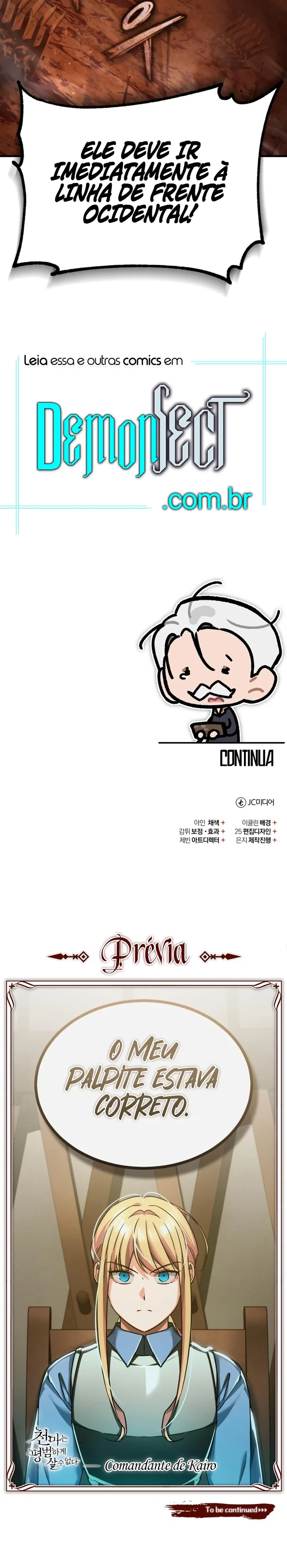 Read O Demônio Celestial não pode viver uma Vida Normal (PT-BR) PT Manga Online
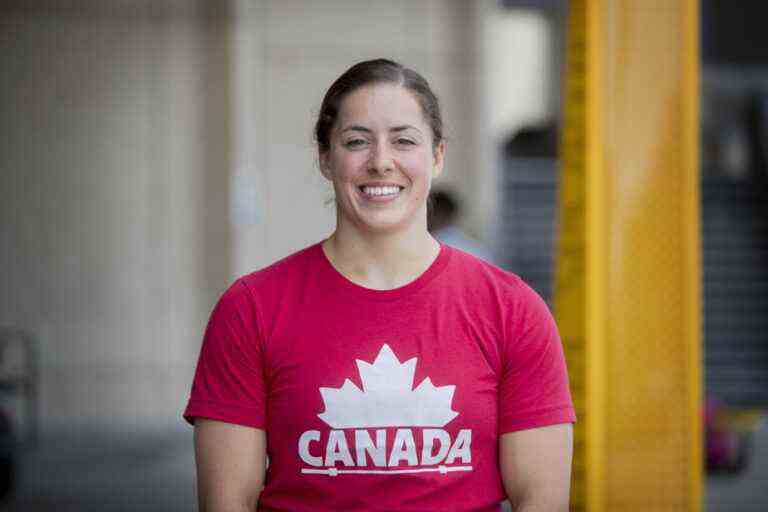 World Weightlifting Championships |  Maude Charron wins bronze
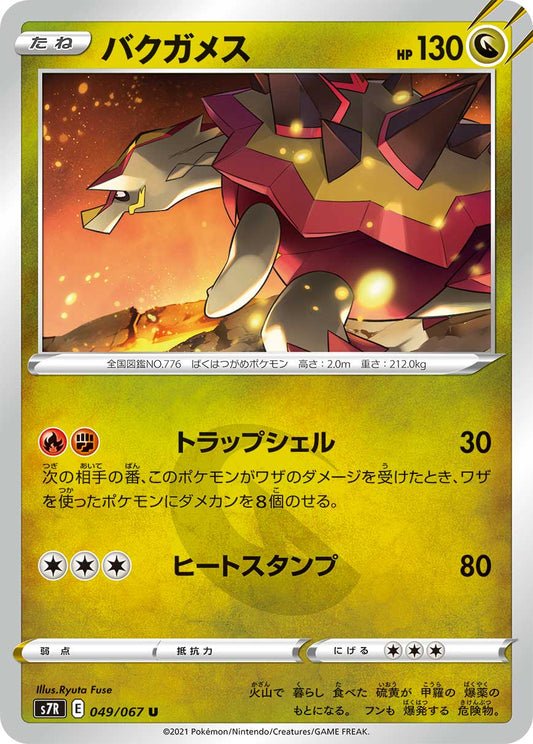 049/067 Turtonator S7R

________________________

Exercise instructions
Say again, word for word, every line from the one with "World Weightlifting Championships" through the last line of the data above, minus the pictures.

Worked solution
 World Weightlifting Championships |  Maude Charron wins bronze
 049/067 Turtonator S7R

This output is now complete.